Individual and aggregate loss models are important concepts in nonlife insurance mathematics. This work presents some basic ideas with compound model framework. Compound model allows the use of analytical model for aggregate losses. Compound Poisson model has computational benefits and is in favor of actuaries. Compound Poisson-gamma-model is part of the Tweedie family with parameter p between 1 and 2. This model has many useful applications. Although it does not have closed form for its CDF it has the benefit with connectedness to the risk theory.
Typically claims frequency is modelled by Poisson distribution and claim severity by gamma distribution. Sometimes claims frequency is overdispersed and the Poisson-Tweedie models are called upon. Important example is Poisson-Inverse Gaussian distribution. Tweedie models and Poisson-Tweedie models have ubiquitous presence among actuarial applications.
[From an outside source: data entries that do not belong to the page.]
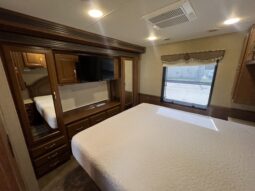 2015 Thor Motor Challenger 37KT full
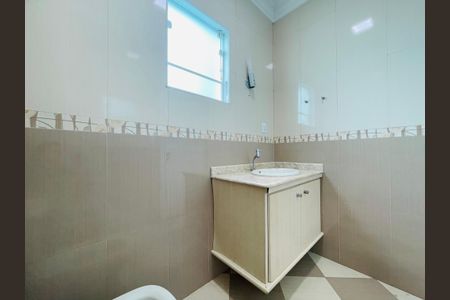 Casa à venda com 340m², 3 quartos e 4 vagas Casa à venda com 340m², 3 quartos e 4 vagasBanheiro 3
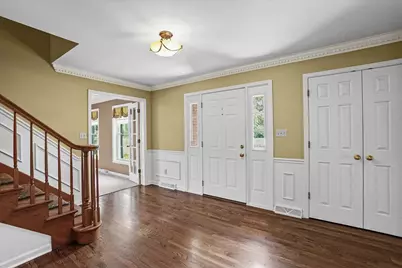 10204 Devonshire Lane, Munster, IN 46321 - Photo 7
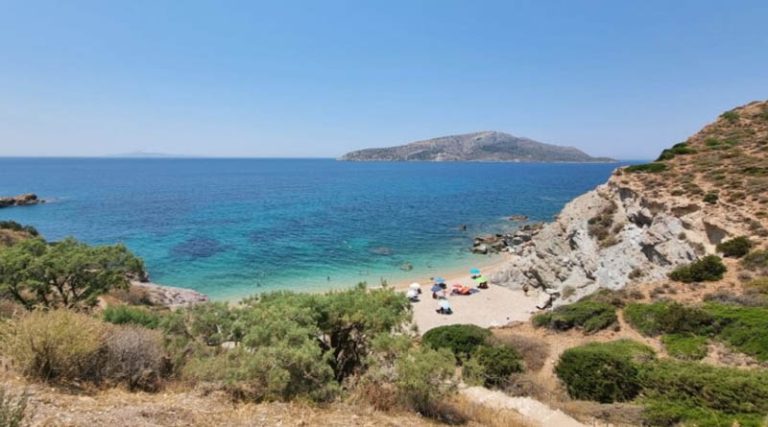 Τρεις ιδανικές παραλίες στην Ανατολική Αττική, για όσους ξέμειναν στην Αθήνα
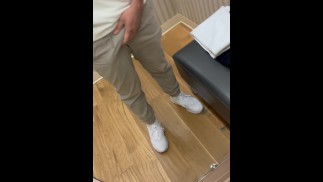 Guy wichst in der öffentlichen Umkleidekabine bis zum Abspritzen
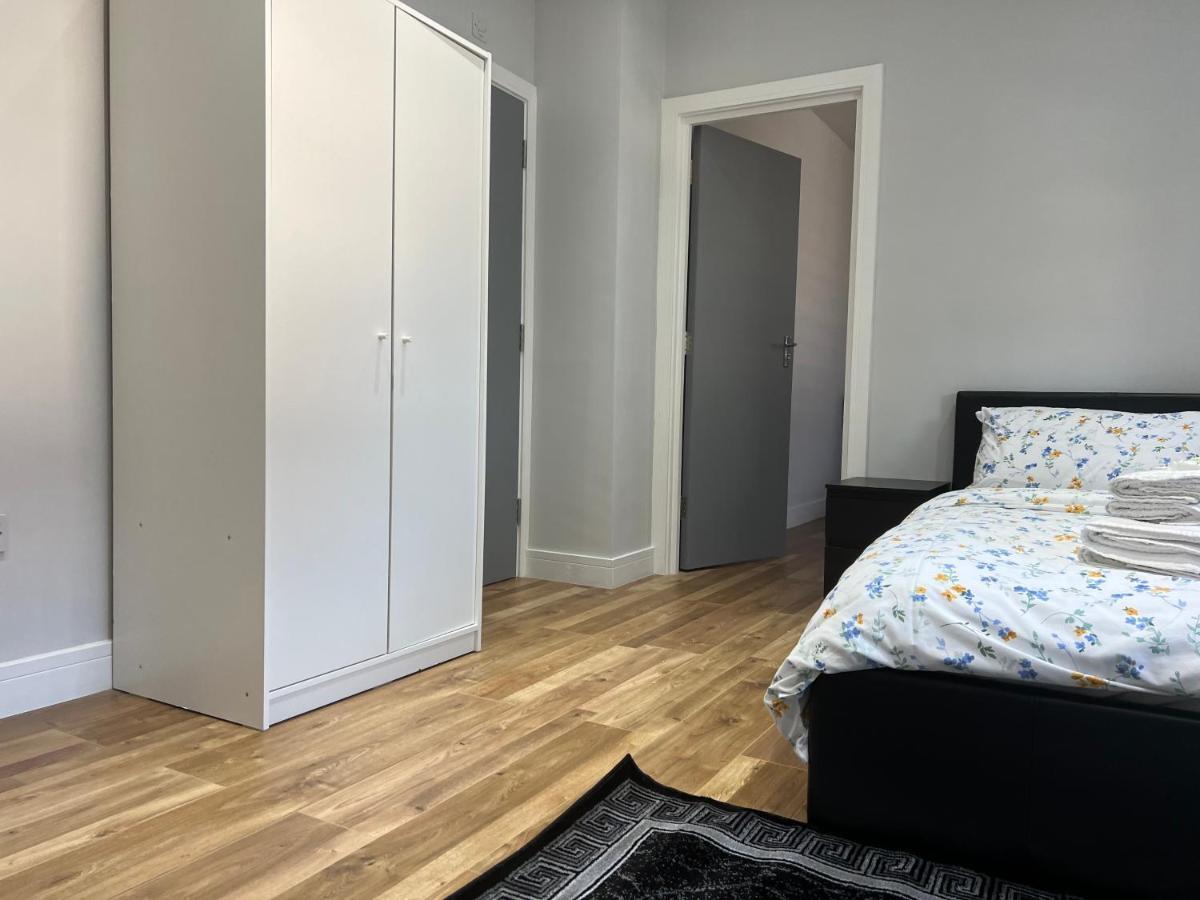 Grand Bleu - - Next To Piccadilly Line Tube Station & Brand New Facilities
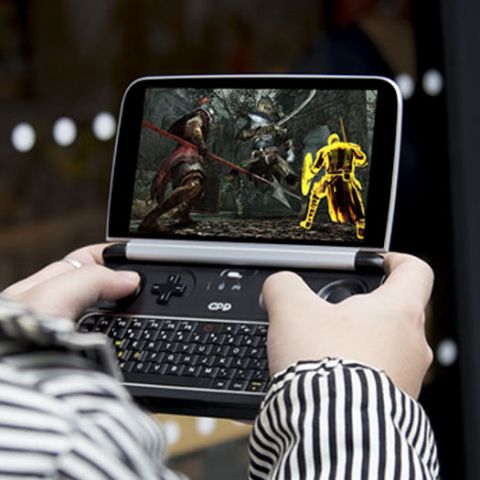 GPD WIN2の価格は8万5000円 どこでも遊べるPCゲーム機が予約受付中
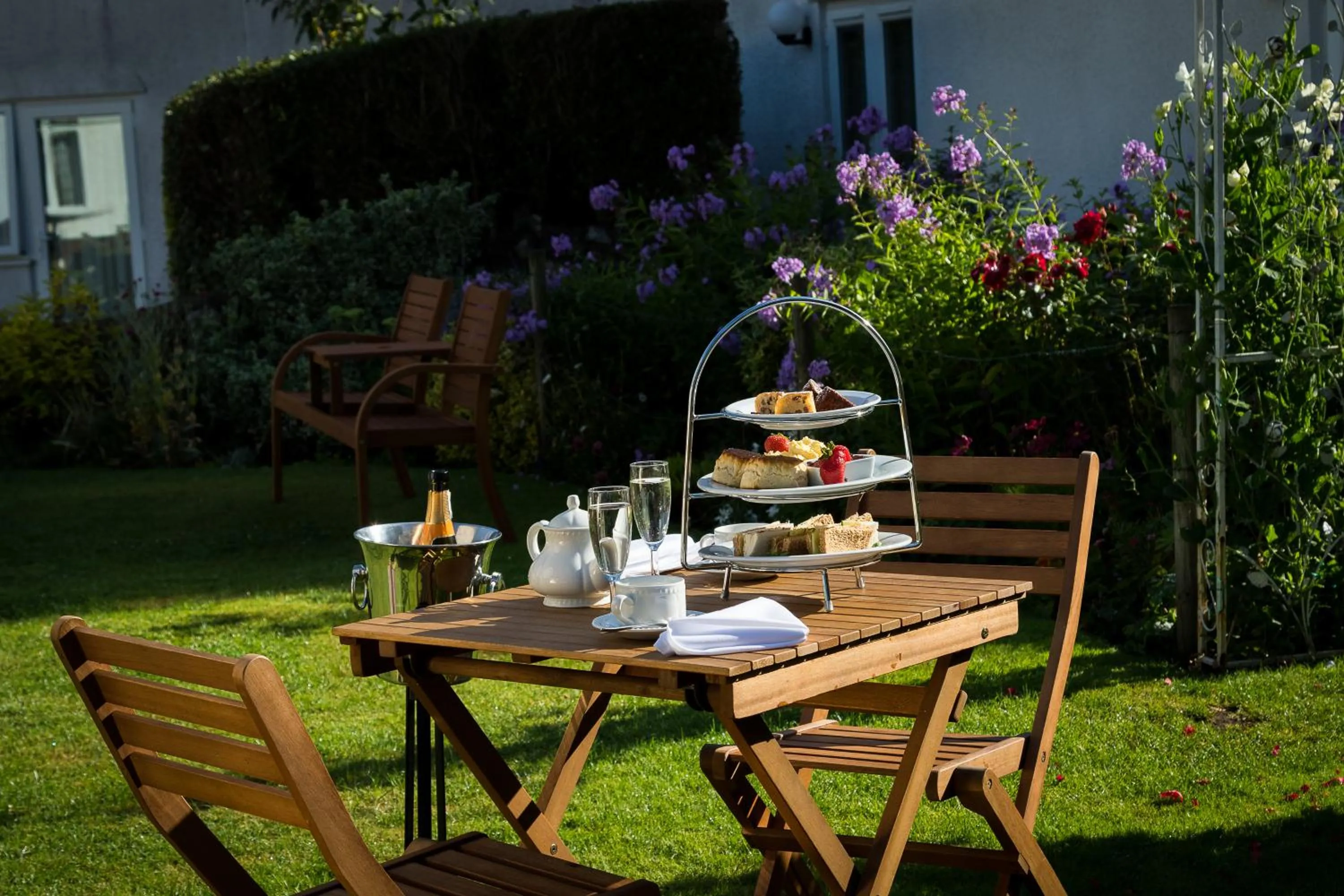 Garden in The Lordleaze Hotel And Restaurant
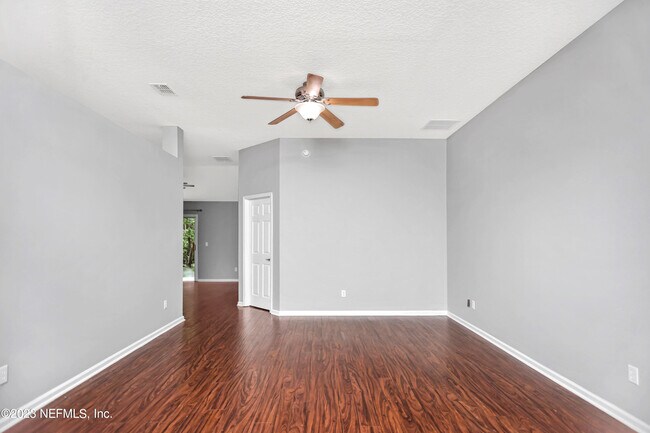 Building Photo - 2167 S Cranbrook Ave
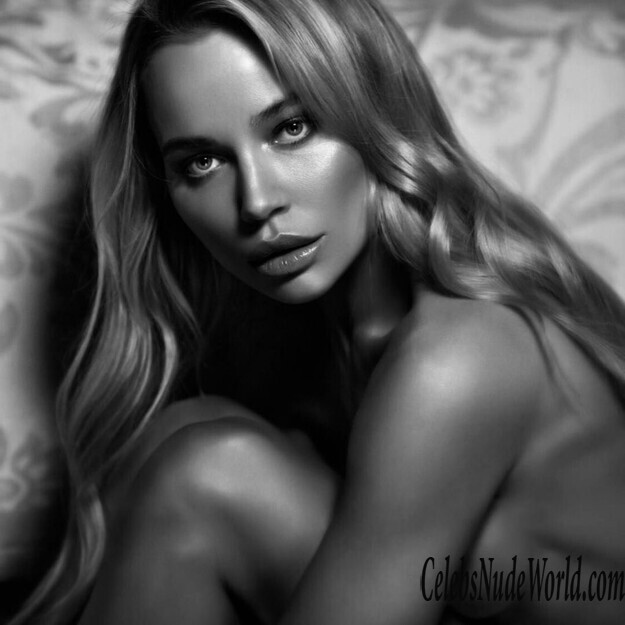 Nikol Kovalchuk Nude 149049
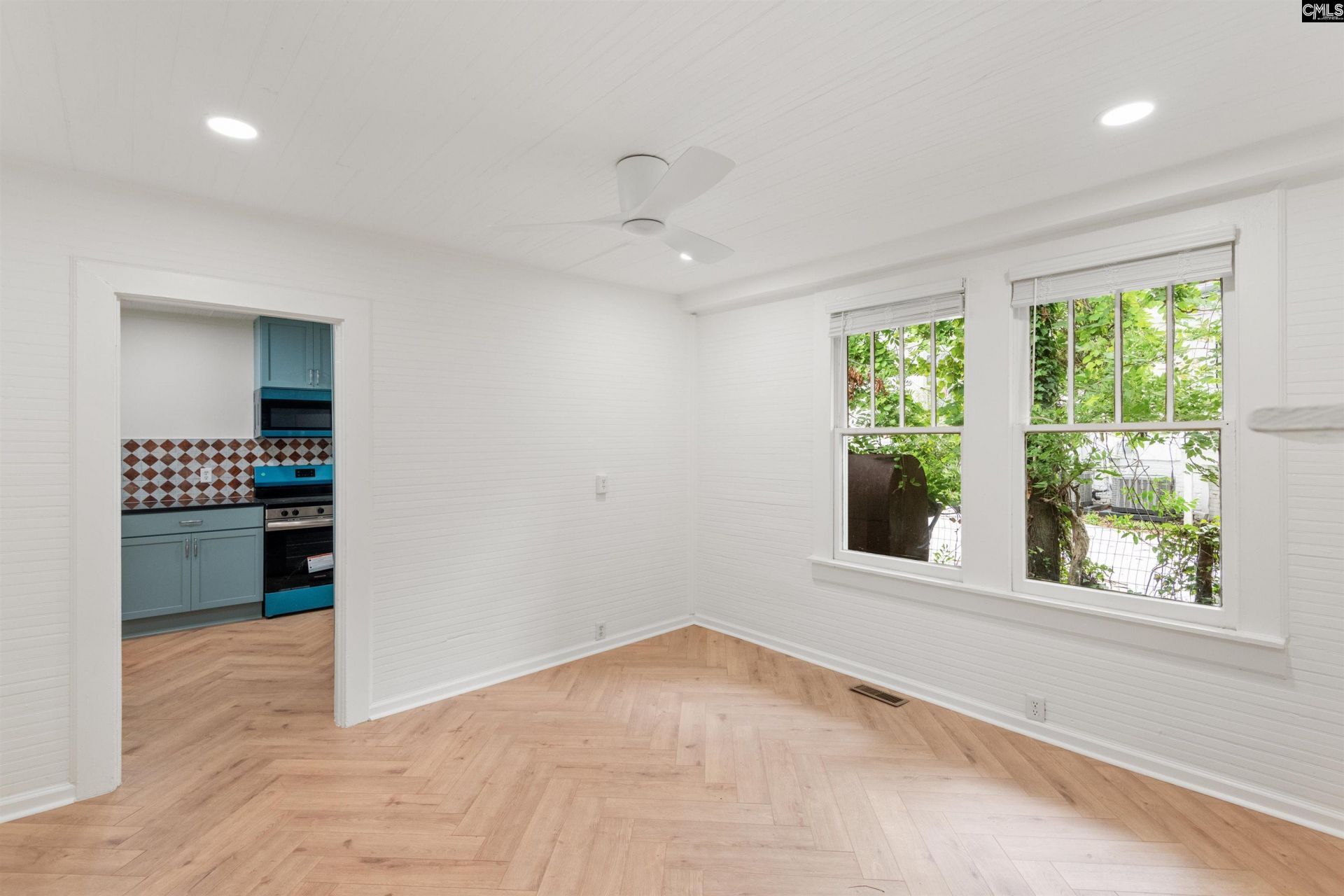907 Beaufort Street Photo 13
Compound Poisson-gamma has also useful applications in several branch of science. Tweedie convergence theorem shows that for many probability distributions Tweedie distributions act as a foci of convergence. Because Tweedie models are a subset of exponential dispersion models the results that applies to exponential dispersion models are also applicable to Tweedie models.
Some crucial methods regarding calculation of collective risk model is presented. Convolution can be calculated by Fourier transform or more exactly by Fast Fourier Transform (FFT). It has been shown that this is faster option compared to the Panjer's recursion.